─── Task inputs ───

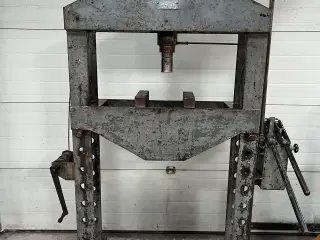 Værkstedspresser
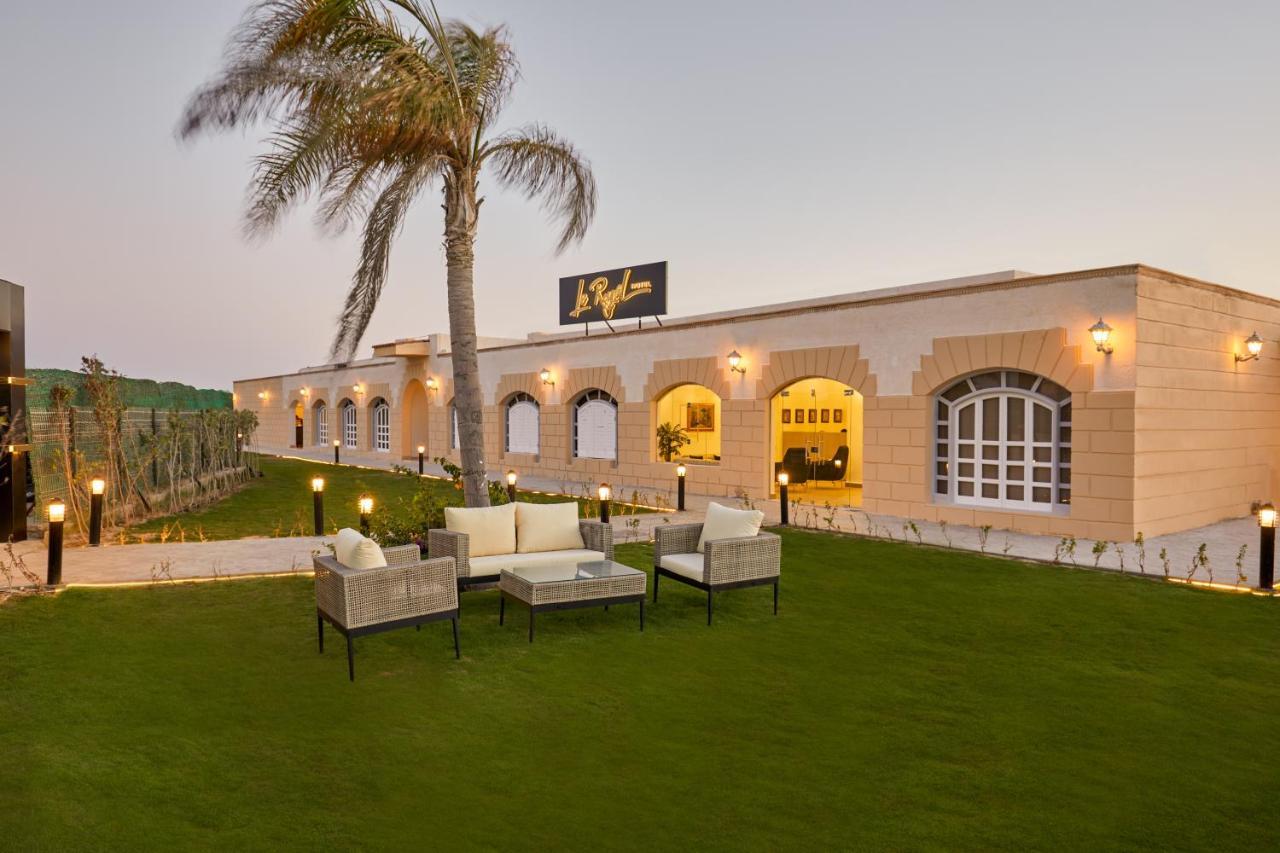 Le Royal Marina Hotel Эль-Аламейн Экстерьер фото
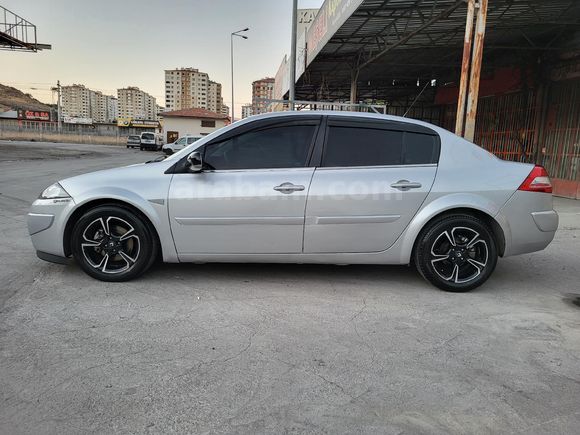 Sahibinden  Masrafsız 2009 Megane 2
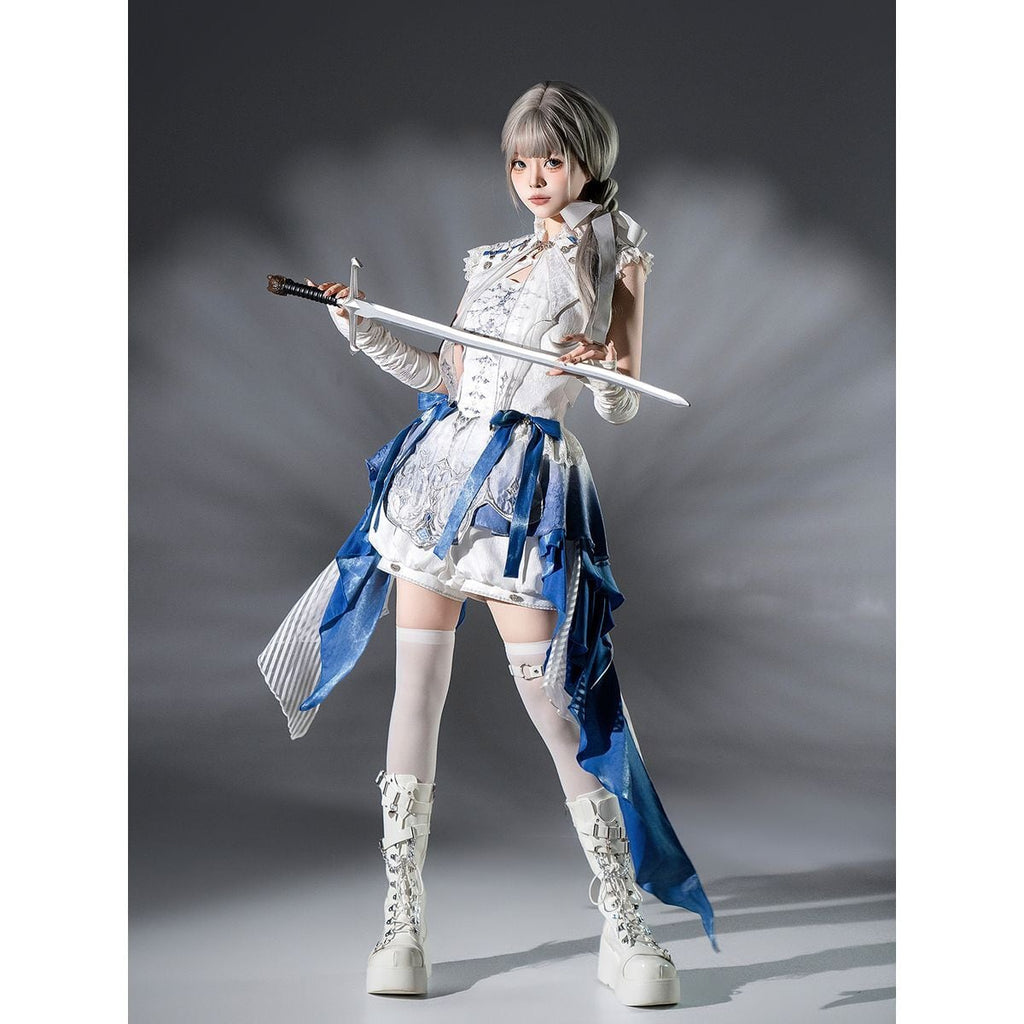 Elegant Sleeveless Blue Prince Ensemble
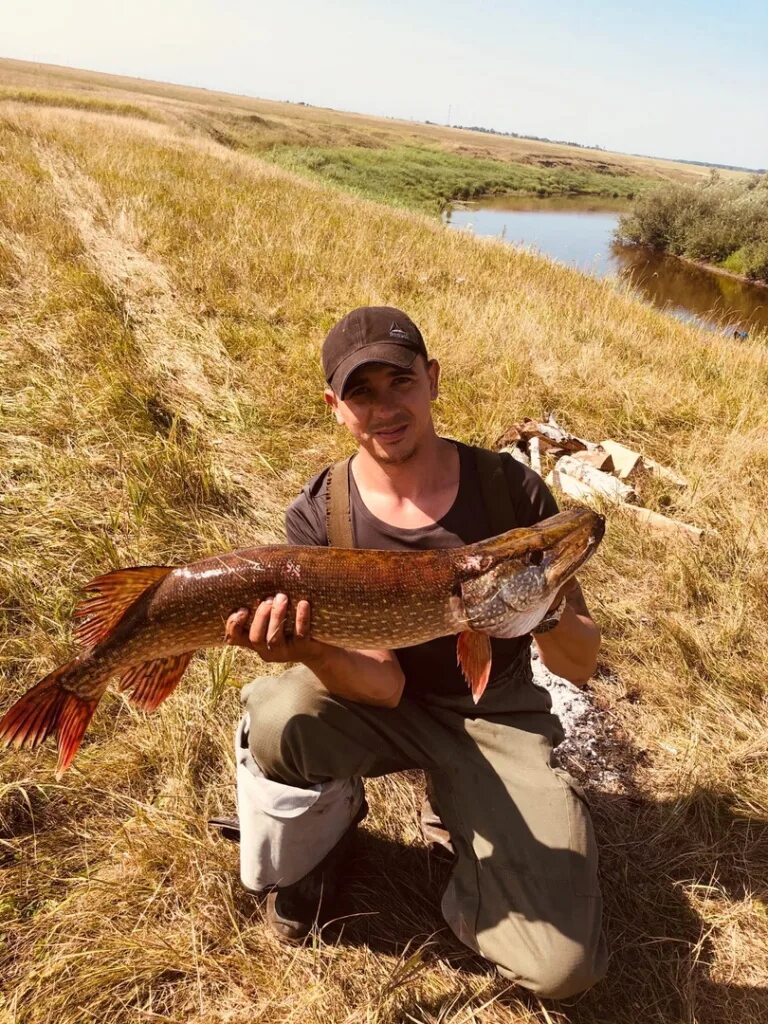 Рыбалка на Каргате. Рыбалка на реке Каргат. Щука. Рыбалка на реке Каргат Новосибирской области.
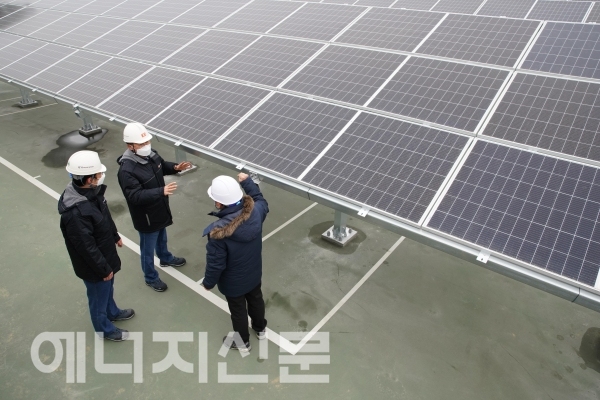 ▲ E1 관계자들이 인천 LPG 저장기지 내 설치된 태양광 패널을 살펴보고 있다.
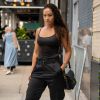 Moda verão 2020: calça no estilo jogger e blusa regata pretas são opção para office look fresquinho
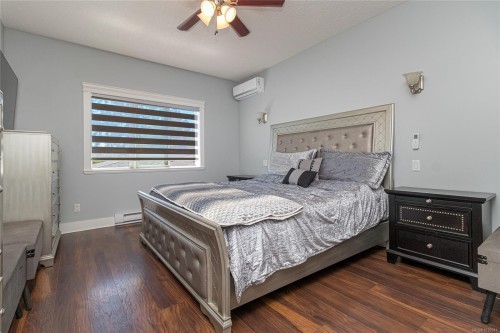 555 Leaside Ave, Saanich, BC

───
─── Task inputs ───

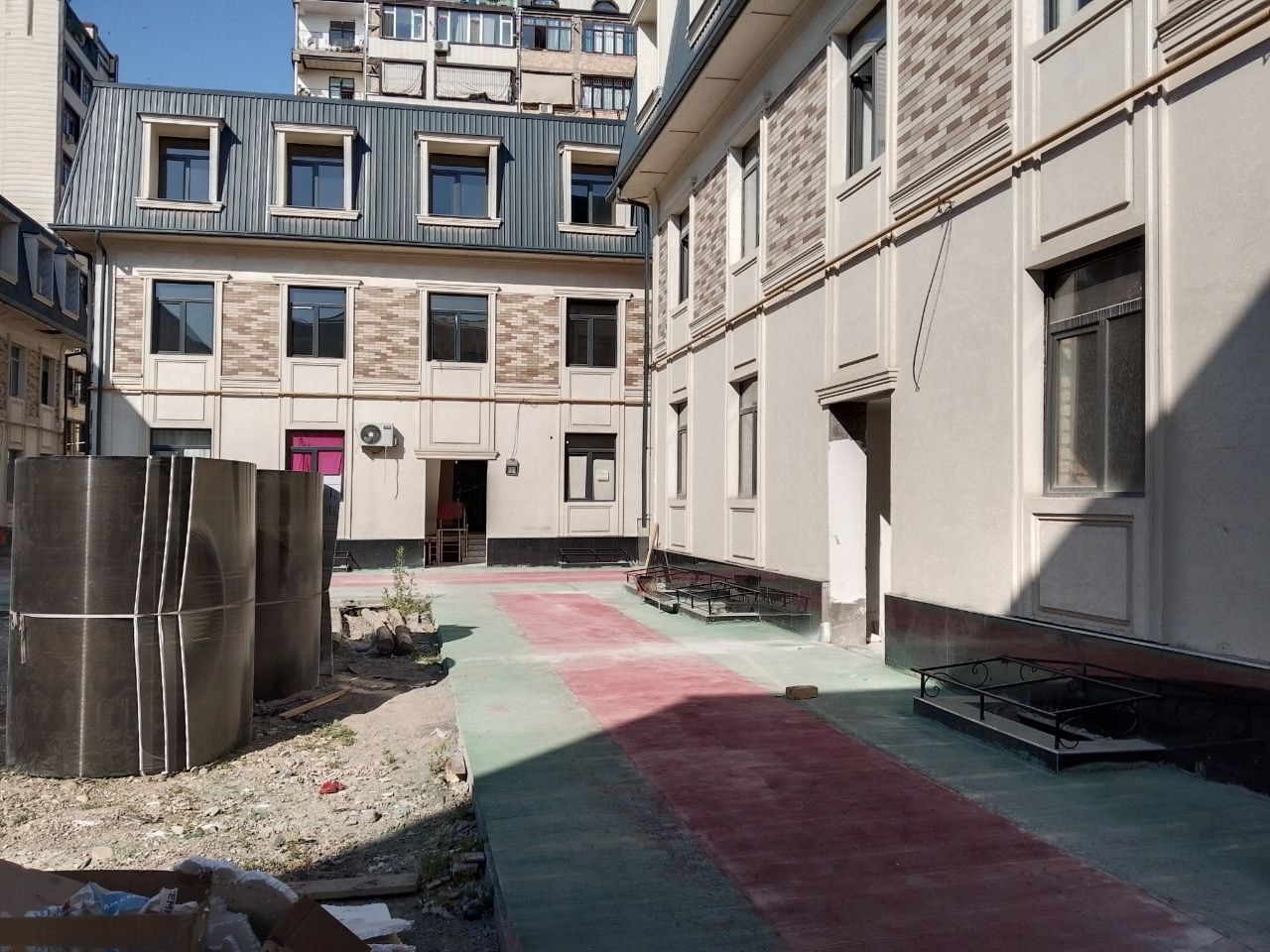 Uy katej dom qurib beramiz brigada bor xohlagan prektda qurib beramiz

───

**What you will do**. Using the data above, retype exactly the lines from the line with "Elegant Sleeveless Blue Prince Ensemble" to the line with "Moda verão 2020: calça", inclusive. No pictures and nothing else.

**Response to this exercise**.
 Elegant Sleeveless Blue Prince Ensemble
 Рыбалка на Каргате. Рыбалка на реке Каргат. Щука. Рыбалка на реке Каргат Новосибирской области.
 ▲ E1 관계자들이 인천 LPG 저장기지 내 설치된 태양광 패널을 살펴보고 있다.
 Moda verão 2020: calça no estilo jogger e blusa regata pretas são opção para office look fresquinho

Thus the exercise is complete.